Traditions Bressanes / Croyances et superstitions

La guérison des maux  7 février 2009
Aux siècles précédents, lorsque des maux survenaient aux hommes comme aux bêtes, plusieurs solutions s’offraient aux Bressans. La plus évidente de nos jours mais la plus rare autrefois était le recours à des professionnels, médecins ou vétérinaires.
Cette possibilité était la dernière à venir à l’esprit de nos ancêtres car, tout d’abord, fallait-il que ses professions soient représentées dans nos villages. De plus, il fallait payer ces services qui coûtaient en monnaie ou en produits de la ferme : en effet, nous avons déjà évoqué le fait que certains médecins de campagne se rendant auprès de malades dans des familles pauvres acceptaient comme moyens de paiement des œufs, du beurre, une poule… Enfin, la dernière et souvent la plus répandue des raisons faisant que l’on évitait d’avoir à se confier à un médecin ou un vétérinaire, était tout simplement que l’on accordait plus de crédit aux remèdes et méthodes empiriques qu’aux recommandations médicales.

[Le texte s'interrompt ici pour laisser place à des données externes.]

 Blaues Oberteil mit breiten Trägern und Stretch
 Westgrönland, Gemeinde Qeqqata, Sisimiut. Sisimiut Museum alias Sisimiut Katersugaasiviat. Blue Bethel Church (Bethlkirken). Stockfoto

Connaissance des « simples » (nom donné aux plantes médicinales), croyances en de multiples rites et précautions, recours à un guérisseur (appelé rebouteux, sorcier, leveur de brûle…) : tous les moyens étaient bon pour se guérir ou se prémunir de maux selon des méthodes ancestrales, et encore une fois, relevant du mystérieux, du surnaturel, dont la connaissance ne l’était que de certains initiés.
On pendait un petit sac de camphre au cou des enfants pour les préserver des épidémies et maladies contagieuses ; contre les vers, on faisait porter un collier d’aulx aux enfants ; un marron d’Inde dans la poche empêche les rhumatismes de venir ; une infusion de camomille sert à laver les yeux douloureux ; pour avoir du lait, la jeune mère devait boire de la bière et ne pas manger de chou ni d’asperge…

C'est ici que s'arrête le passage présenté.